ACTIVITY
A picture-free, exact reproduction of the listing that follows is required.

PROVIDED DATA
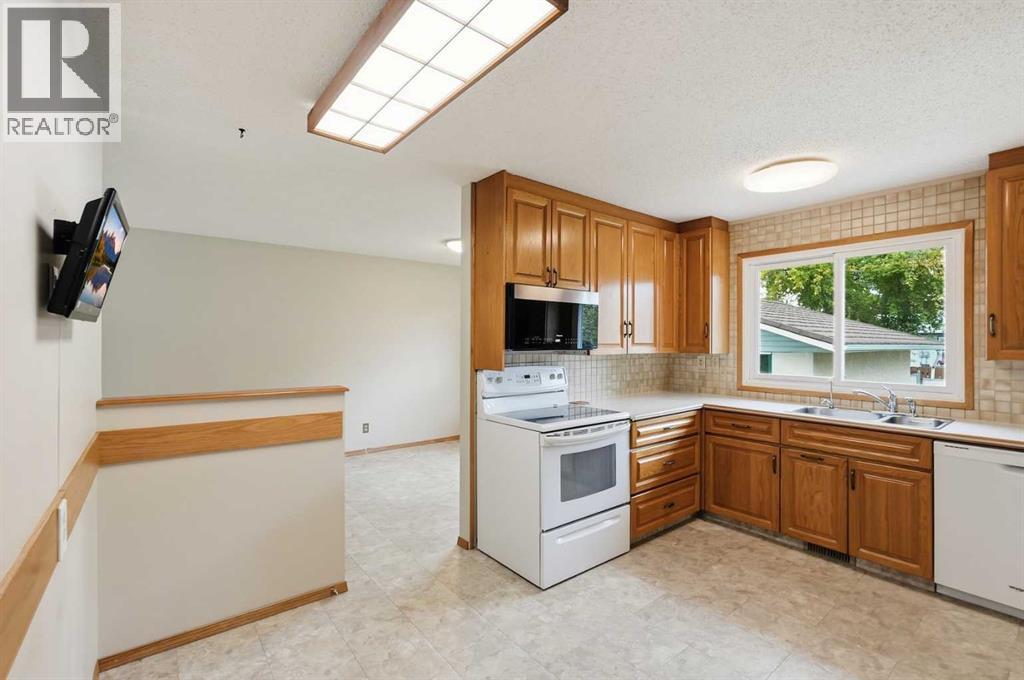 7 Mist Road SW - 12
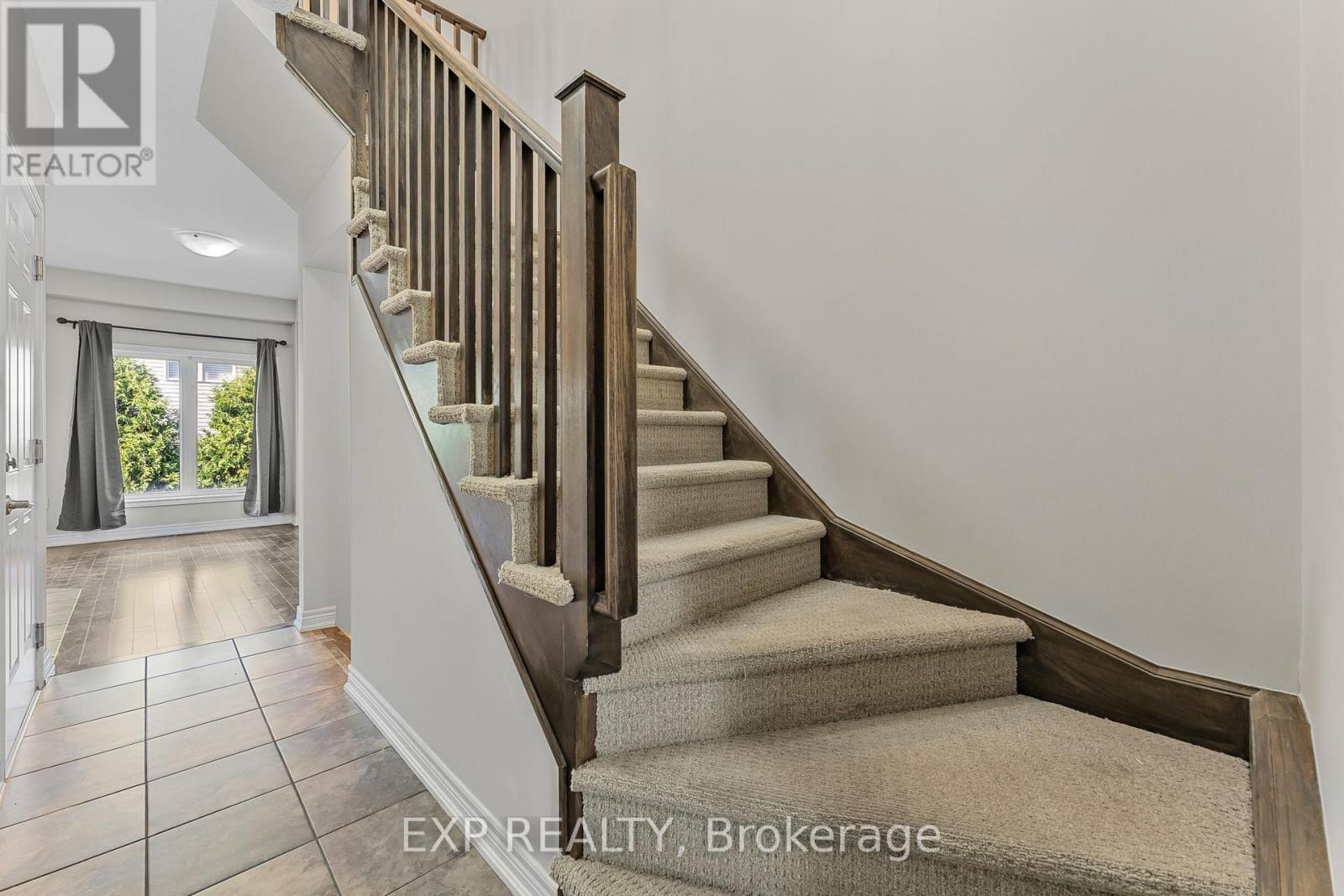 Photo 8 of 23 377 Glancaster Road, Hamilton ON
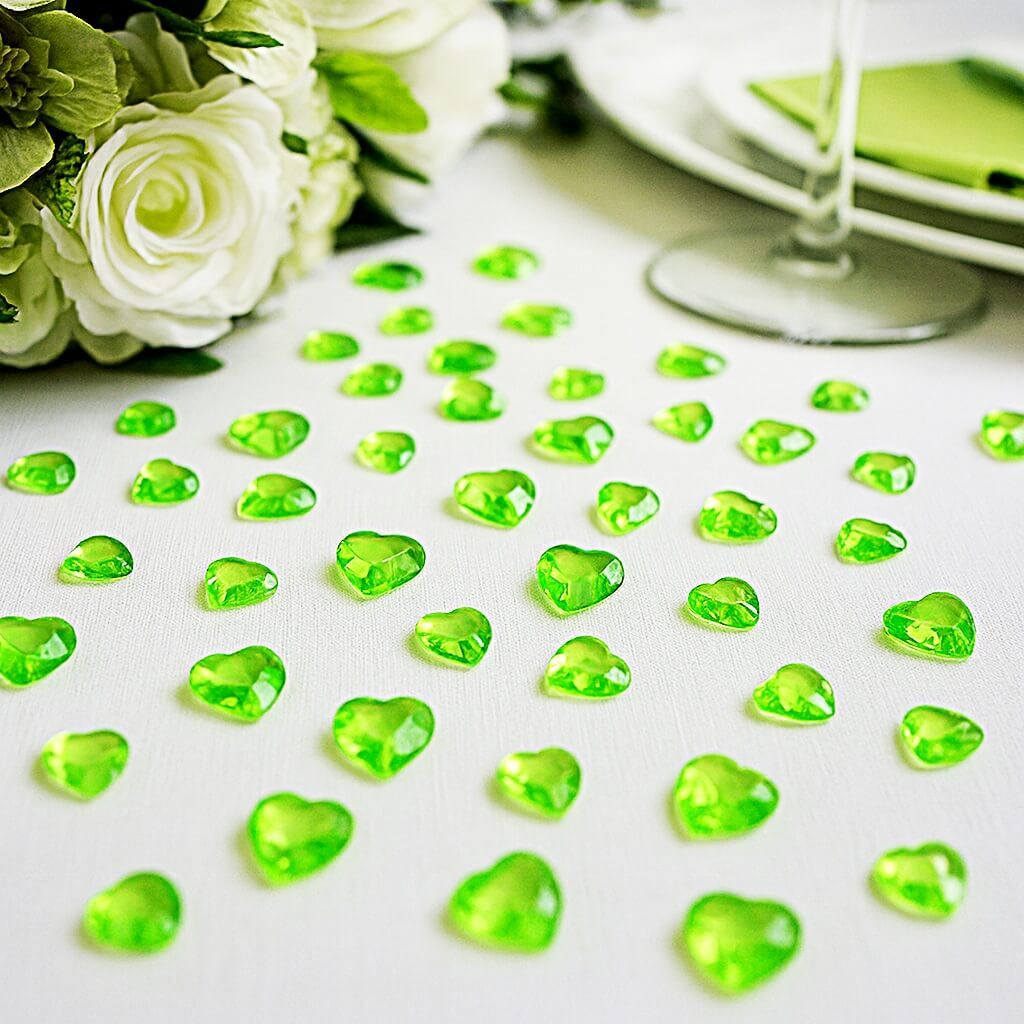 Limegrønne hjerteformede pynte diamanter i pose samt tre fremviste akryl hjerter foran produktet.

WRITTEN ANSWER
 7 Mist Road SW - 12
 Photo 8 of 23 377 Glancaster Road, Hamilton ON
 Limegrønne hjerteformede pynte diamanter i pose samt tre fremviste akryl hjerter foran produktet.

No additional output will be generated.